**HOW TO COMPLETE THIS TASK**
Return exactly the lines of the records below, starting at the line that contains "اولین فیلم و" and ending at the line that contains "Tesettür giyim TABA", with both of those lines kept.

┌──

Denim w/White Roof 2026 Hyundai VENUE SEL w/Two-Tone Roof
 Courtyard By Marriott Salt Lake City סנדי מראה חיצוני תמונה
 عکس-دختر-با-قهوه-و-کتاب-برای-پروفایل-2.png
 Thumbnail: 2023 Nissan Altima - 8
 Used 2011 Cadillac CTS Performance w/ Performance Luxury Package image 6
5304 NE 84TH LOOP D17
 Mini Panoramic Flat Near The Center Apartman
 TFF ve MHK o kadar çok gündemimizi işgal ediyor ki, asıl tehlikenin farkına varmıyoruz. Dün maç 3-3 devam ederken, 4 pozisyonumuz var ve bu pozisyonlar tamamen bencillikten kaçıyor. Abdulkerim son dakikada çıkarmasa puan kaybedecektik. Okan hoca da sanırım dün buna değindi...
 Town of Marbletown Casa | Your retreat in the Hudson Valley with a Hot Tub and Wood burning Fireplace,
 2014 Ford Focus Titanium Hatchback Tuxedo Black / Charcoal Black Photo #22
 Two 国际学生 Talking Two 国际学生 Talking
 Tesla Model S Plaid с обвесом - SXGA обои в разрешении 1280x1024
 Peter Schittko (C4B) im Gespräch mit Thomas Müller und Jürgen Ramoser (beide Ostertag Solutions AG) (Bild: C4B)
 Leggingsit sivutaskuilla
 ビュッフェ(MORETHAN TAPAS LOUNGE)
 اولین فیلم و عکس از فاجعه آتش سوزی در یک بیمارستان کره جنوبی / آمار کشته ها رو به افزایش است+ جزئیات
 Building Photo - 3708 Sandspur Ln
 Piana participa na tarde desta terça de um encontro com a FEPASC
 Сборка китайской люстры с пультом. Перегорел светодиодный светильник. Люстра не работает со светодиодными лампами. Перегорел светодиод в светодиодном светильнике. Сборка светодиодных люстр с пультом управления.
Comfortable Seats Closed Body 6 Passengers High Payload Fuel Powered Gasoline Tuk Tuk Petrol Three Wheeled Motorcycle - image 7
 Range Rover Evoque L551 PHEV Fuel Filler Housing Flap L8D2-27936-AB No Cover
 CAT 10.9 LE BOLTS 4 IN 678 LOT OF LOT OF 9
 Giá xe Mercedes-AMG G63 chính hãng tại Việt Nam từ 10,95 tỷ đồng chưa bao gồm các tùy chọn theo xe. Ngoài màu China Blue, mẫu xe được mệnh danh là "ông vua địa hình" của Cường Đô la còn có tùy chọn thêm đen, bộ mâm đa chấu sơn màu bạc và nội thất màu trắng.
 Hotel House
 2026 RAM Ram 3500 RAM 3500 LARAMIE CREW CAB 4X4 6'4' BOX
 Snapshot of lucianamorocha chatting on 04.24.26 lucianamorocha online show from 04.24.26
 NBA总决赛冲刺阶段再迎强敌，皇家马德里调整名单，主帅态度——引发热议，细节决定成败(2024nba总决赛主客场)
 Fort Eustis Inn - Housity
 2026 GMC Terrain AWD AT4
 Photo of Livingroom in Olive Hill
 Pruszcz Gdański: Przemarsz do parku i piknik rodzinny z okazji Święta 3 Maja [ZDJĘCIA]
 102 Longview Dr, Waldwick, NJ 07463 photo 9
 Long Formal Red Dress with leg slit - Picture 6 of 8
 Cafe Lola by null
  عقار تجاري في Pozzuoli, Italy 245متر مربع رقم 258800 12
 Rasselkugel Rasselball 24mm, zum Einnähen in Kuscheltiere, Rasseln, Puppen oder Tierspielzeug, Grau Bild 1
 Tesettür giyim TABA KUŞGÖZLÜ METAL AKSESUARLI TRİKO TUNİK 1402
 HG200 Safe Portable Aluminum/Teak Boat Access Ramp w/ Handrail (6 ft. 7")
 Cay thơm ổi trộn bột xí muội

└──

**EXERCISE SOLUTION**
 اولین فیلم و عکس از فاجعه آتش سوزی در یک بیمارستان کره جنوبی / آمار کشته ها رو به افزایش است+ جزئیات
 Building Photo - 3708 Sandspur Ln
 Piana participa na tarde desta terça de um encontro com a FEPASC
 Сборка китайской люстры с пультом. Перегорел светодиодный светильник. Люстра не работает со светодиодными лампами. Перегорел светодиод в светодиодном светильнике. Сборка светодиодных люстр с пультом управления.
Comfortable Seats Closed Body 6 Passengers High Payload Fuel Powered Gasoline Tuk Tuk Petrol Three Wheeled Motorcycle - image 7
 Range Rover Evoque L551 PHEV Fuel Filler Housing Flap L8D2-27936-AB No Cover
 CAT 10.9 LE BOLTS 4 IN 678 LOT OF LOT OF 9
 Giá xe Mercedes-AMG G63 chính hãng tại Việt Nam từ 10,95 tỷ đồng chưa bao gồm các tùy chọn theo xe. Ngoài màu China Blue, mẫu xe được mệnh danh là "ông vua địa hình" của Cường Đô la còn có tùy chọn thêm đen, bộ mâm đa chấu sơn màu bạc và nội thất màu trắng.
 Hotel House
 2026 RAM Ram 3500 RAM 3500 LARAMIE CREW CAB 4X4 6'4' BOX
 Snapshot of lucianamorocha chatting on 04.24.26 lucianamorocha online show from 04.24.26
 NBA总决赛冲刺阶段再迎强敌，皇家马德里调整名单，主帅态度——引发热议，细节决定成败(2024nba总决赛主客场)
 Fort Eustis Inn - Housity
 2026 GMC Terrain AWD AT4
 Photo of Livingroom in Olive Hill
 Pruszcz Gdański: Przemarsz do parku i piknik rodzinny z okazji Święta 3 Maja [ZDJĘCIA]
 102 Longview Dr, Waldwick, NJ 07463 photo 9
 Long Formal Red Dress with leg slit - Picture 6 of 8
 Cafe Lola by null
  عقار تجاري في Pozzuoli, Italy 245متر مربع رقم 258800 12
 Rasselkugel Rasselball 24mm, zum Einnähen in Kuscheltiere, Rasseln, Puppen oder Tierspielzeug, Grau Bild 1
 Tesettür giyim TABA KUŞGÖZLÜ METAL AKSESUARLI TRİKO TUNİK 1402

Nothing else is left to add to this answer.